(DATASET)

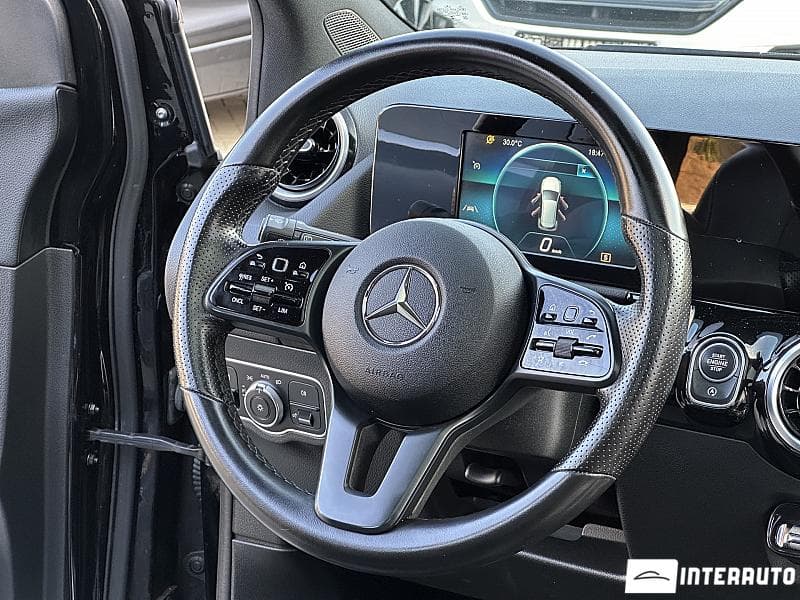 Mercedes B 180 2019 — Миниатюра 7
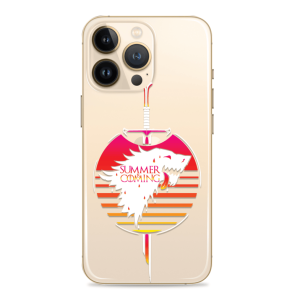 Silikonska maskica - "Summer is Coming" - sum124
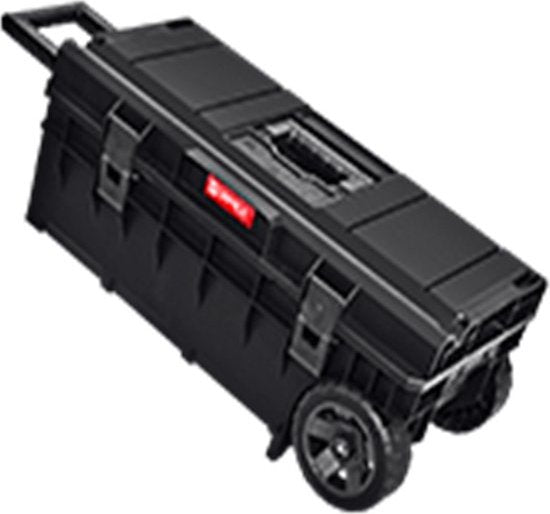 QBRICK SYSTEM ONE – Werkzeugkoffer – Mobil – Lang – 79,3 x 38,5 x 32,2 cm
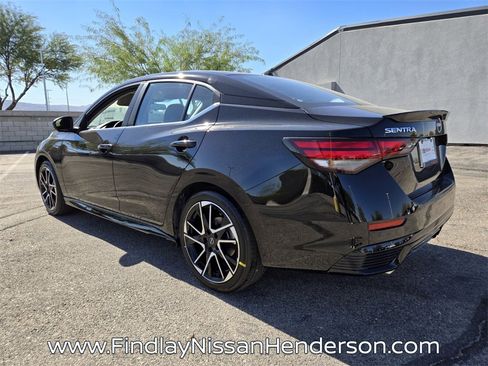 New 2025 Nissan Sentra SR w/ SR Premium Package image 3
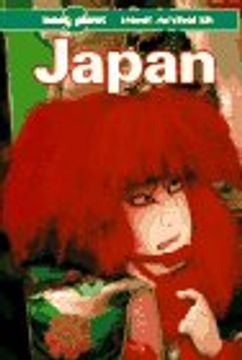 portada Lonely Planet Japan (Lonely Planet Japan)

(End DATASET)

Each record is to be copied word for word, with no images carried over.

_ANSWER BOX_
 Mercedes B 180 2019 — Миниатюра 7
 Silikonska maskica - "Summer is Coming" - sum124
 QBRICK SYSTEM ONE – Werkzeugkoffer – Mobil – Lang – 79,3 x 38,5 x 32,2 cm
 New 2025 Nissan Sentra SR w/ SR Premium Package image 3
 portada Lonely Planet Japan (Lonely Planet Japan)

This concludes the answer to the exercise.